The first public Arabic language immersion school in the country opened its doors Monday to 132 pre-kindergarten and kindergarten students who will learn Arabic along with English. The new Arabic Immersion Magnet School (AIMS) is among 283 HISD campuses that welcomed back nearly 215,000 students from across the district. In HISD, Arabic is the second most common foreign language spoken at home.

“There are children from 40 different Houston-area zip codes here,” said HISD Superintendent Terry Grier said. “The Arabic school is a very demographically diverse school, with about 30 percent Hispanic, 30 percent Anglo, and 30 percent African American. This year is especially exciting, as we continue to set our sights on making sure our students have access to a truly global education.”

AIMS Principal Kate Adams joined Grier, HISD Deputy Superintendent and Chief Financial Officer Ken Huewitt, and Chief Academic Officer Andrew Houlihan in welcoming AIMS students and staff back to school.

“We have been planning for months, and today exceeded my expectations,” said Adams. “Most families came into the school and joined us at morning assembly. From day one, we started off in both English and Arabic, beginning with a welcome song before everyone went to their new classrooms. It’s going to be a great year.”

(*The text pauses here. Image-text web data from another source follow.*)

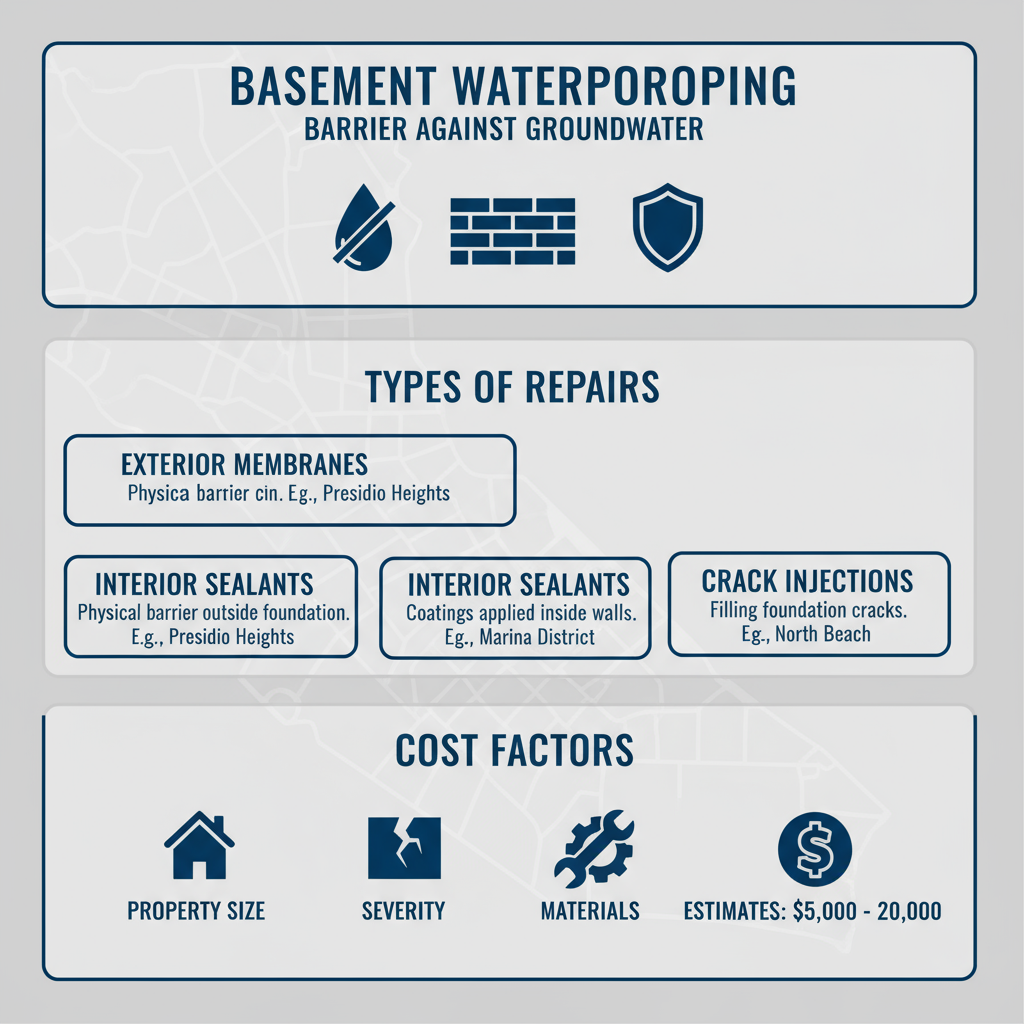 Infographic showing waterproofing definition, repair types, and cost factors for San Francisco foundations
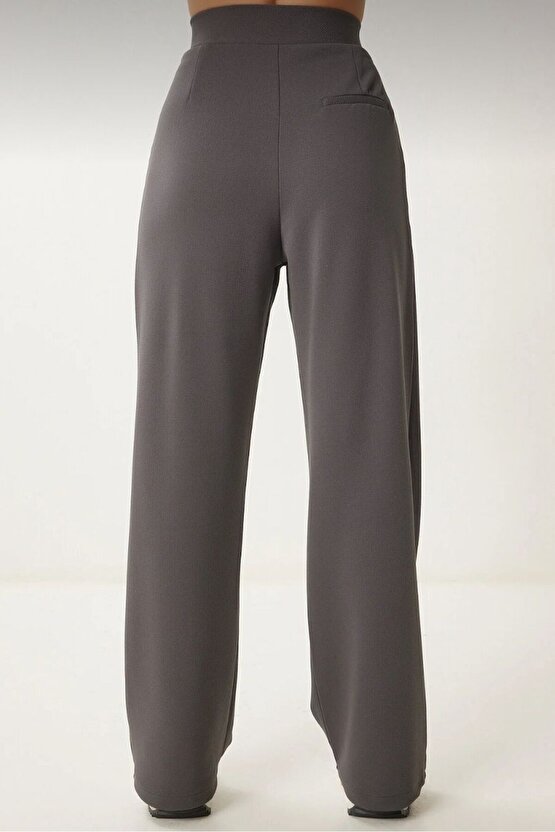 Kadın Yüksek Bel Likralı Palazzo Pantolon - Dökümlü Geniş Paça, Şık Ofis & Günlük Kombin Pantolon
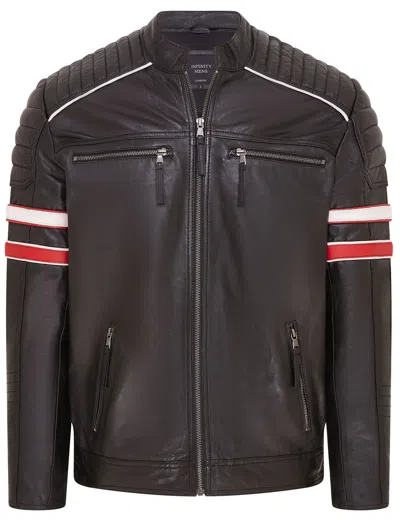 Infinity Leather Mens Quilted Leather Biker Racing Jacket- Brevik In Black
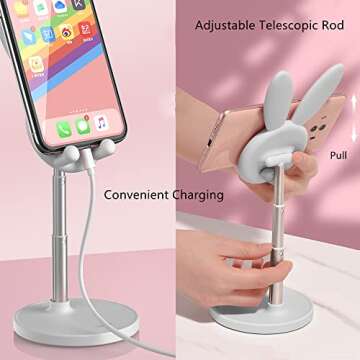 SOARCHICK Portable Cell Phone Stand for Desk Cute Bunny Height Angle Adjustable Tablet Phone Desktop Stand Holder Riser Compatible with iPhone, iPad, Tablets, Kindle, Switch, Smartphones (White)
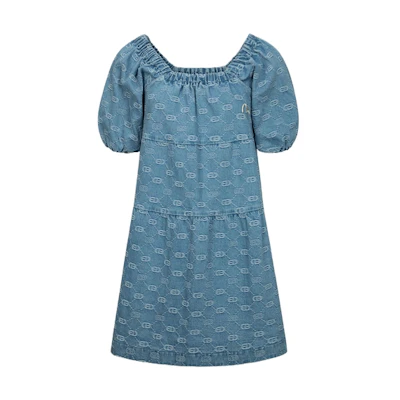 (Women) EVISU SS24 Denim Blue Jacquard Seagull Embroidered Short Sleeve Dress 2ESHTW4DR4070FFDP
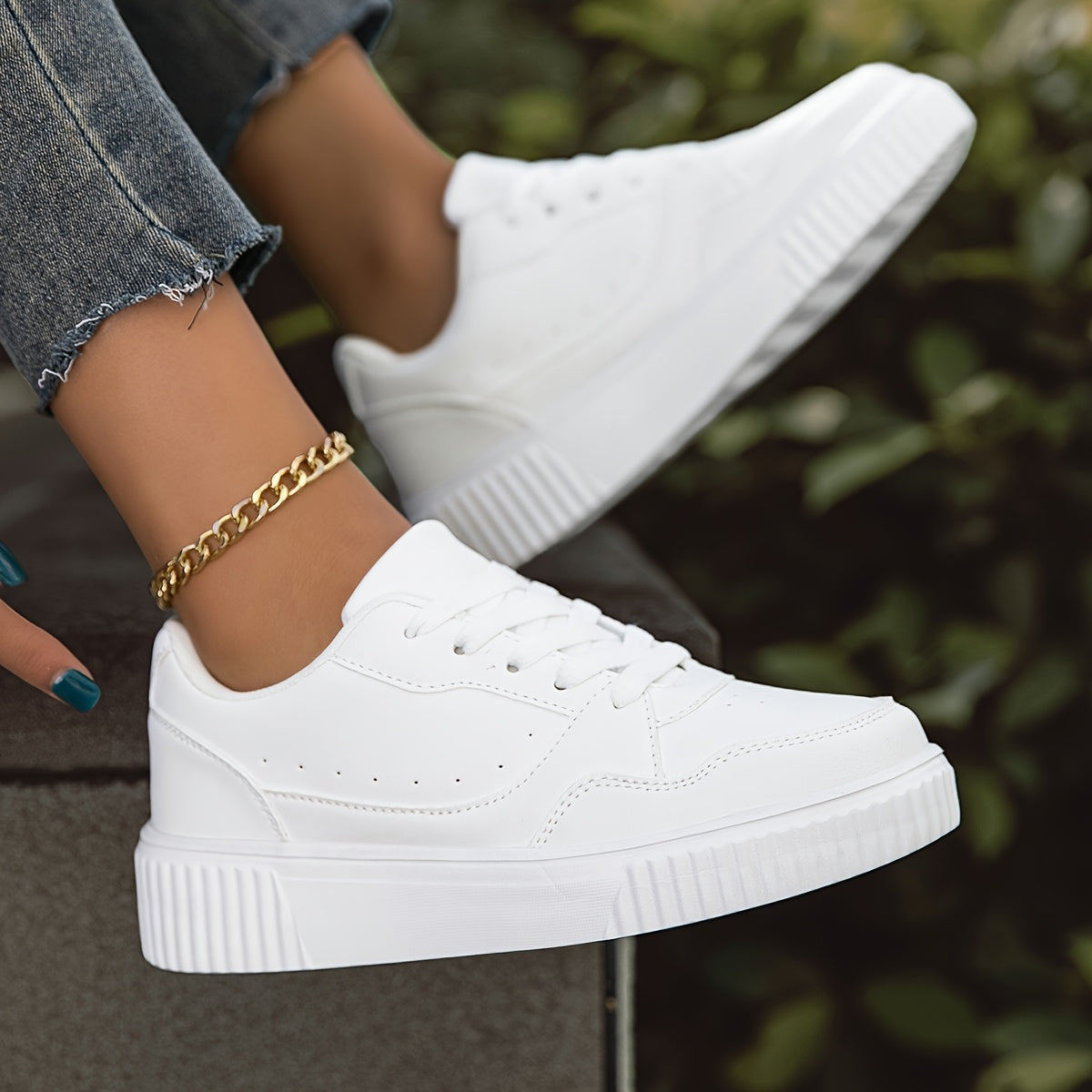 Women's White Low-Top Casual Sneakers - Lightweight Comfortable Lace-Up Shoes with Synthetic Cover Upper, EVA Cushioned Sole & Breathable Fabric Lining for All-Season Versatile Wear, Shoe Laces for Sneakers, Minimalist Design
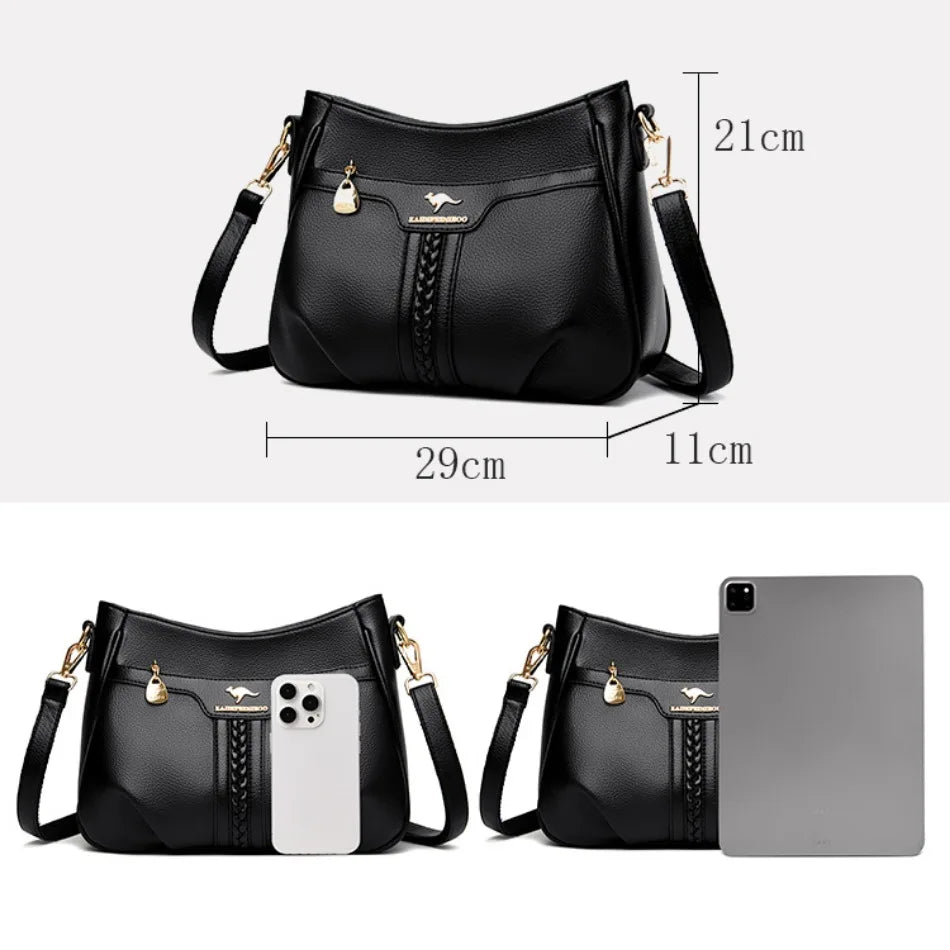 Genuine High Quality Soft Leather Women's Handbag Trend Designer Female Crossbody Bag Casual Shoulder Messenger Handbags 2024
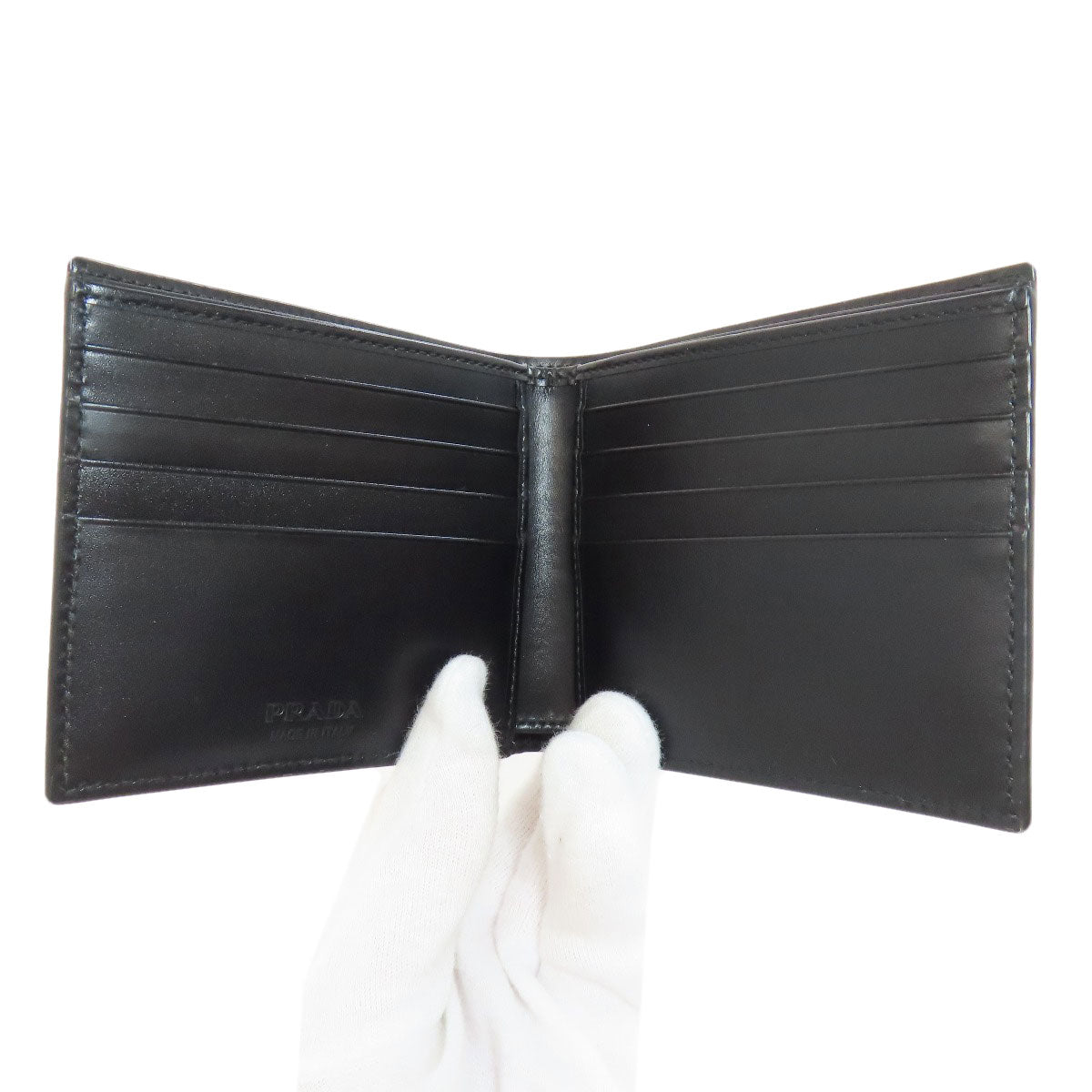 PRADA Bifold Wallet leather black logo mens Used Authentic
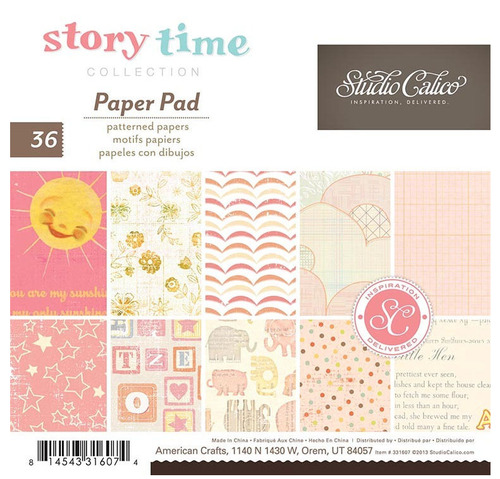 American Crafts - Baby Girl Stork 12x12 Single-Sided Paper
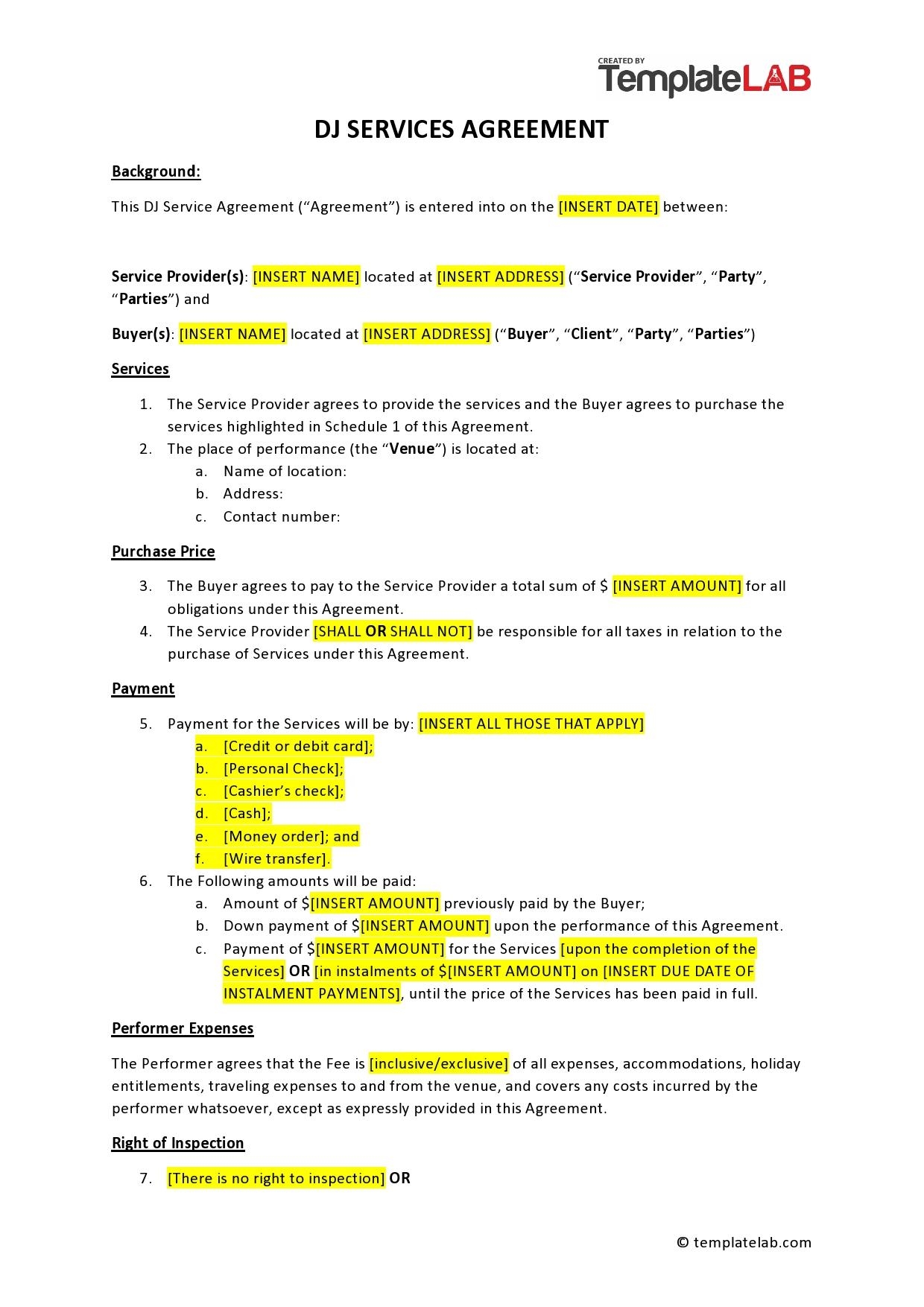 Free Dj Contract Agreement Template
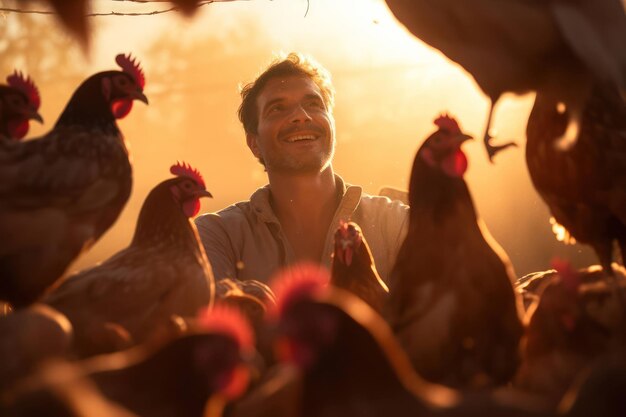 Foto mujer que sostiene animales naturaleza joven criador de pollo agricultura agricultura gallina pájaro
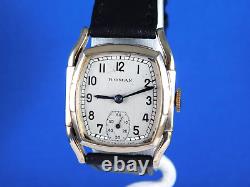 VINTAGE ROMAN 15J SWISS FANCY DECO RARE MENS WRIST WATCH SERVICED C. 1940s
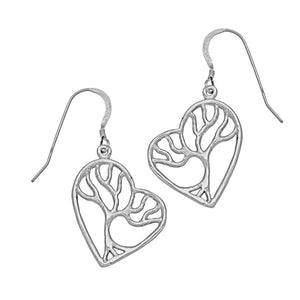 Tree of Life Enchanted Heart Earrings - Platinum Silver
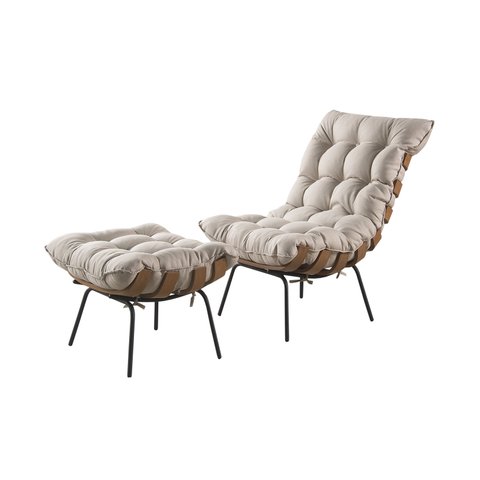 Kit Poltrona + Puff Costela Luxo para Sala Decorativa Quarto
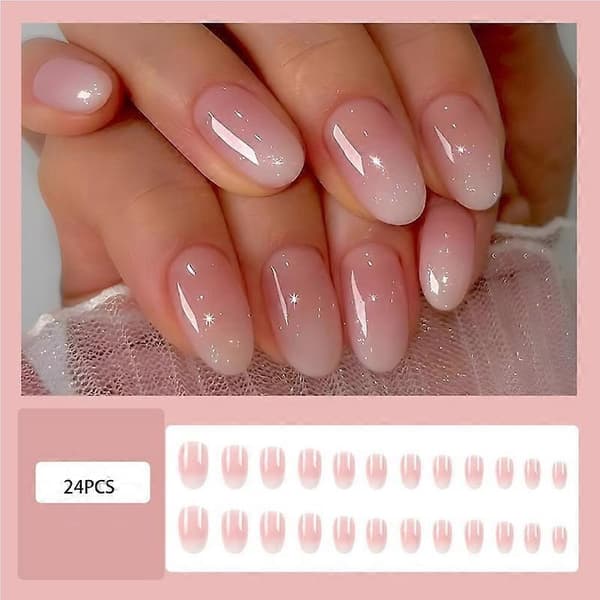 Mandel Press on Nails Short Round Fake Nails White False Nails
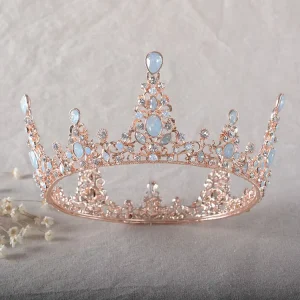 European Retro Queen Baroque Full Circle Tiara Opal Rhinestone Bridal Crown for Women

Parent Kamara Hall was very happy to have her son enrolled at AIMS. “Learning Arabic is something that not everyone is going to do, so it’s a great opportunity for him,” she said. “He’s also learning Spanish. I want my son to be the best he can be, so I brought him to the best school.”

Learning a second language is a key component of a global education, and AIMs significantly expands HISD’s dual-language opportunities. The district offers a similar program at the Mandarin Chinese Language Immersion Magnet School and has nearly doubled the size of the Spanish dual language program, expanding it from 31 to 52 campuses this year.

In other news, HISD is strengthening its college readiness efforts by deploying 28 new college success advisors and 10 college success managers to campuses across the district and doubling the size of the successful EMERGE program, which aims to identify low-income, high potential students and help them gain admission to and graduate from Tier 1 and Ivy League colleges and universities.

This year also marks the final implementation of HISD’s PowerUp one-to-one laptop initiative. More than 40,000 students at 32 Phase 1 and 2 high schools will have their devices reissued to them as they return to school this fall. About 8,000 students at the 15 Phase 3 high schools will receive their laptops later in the school year.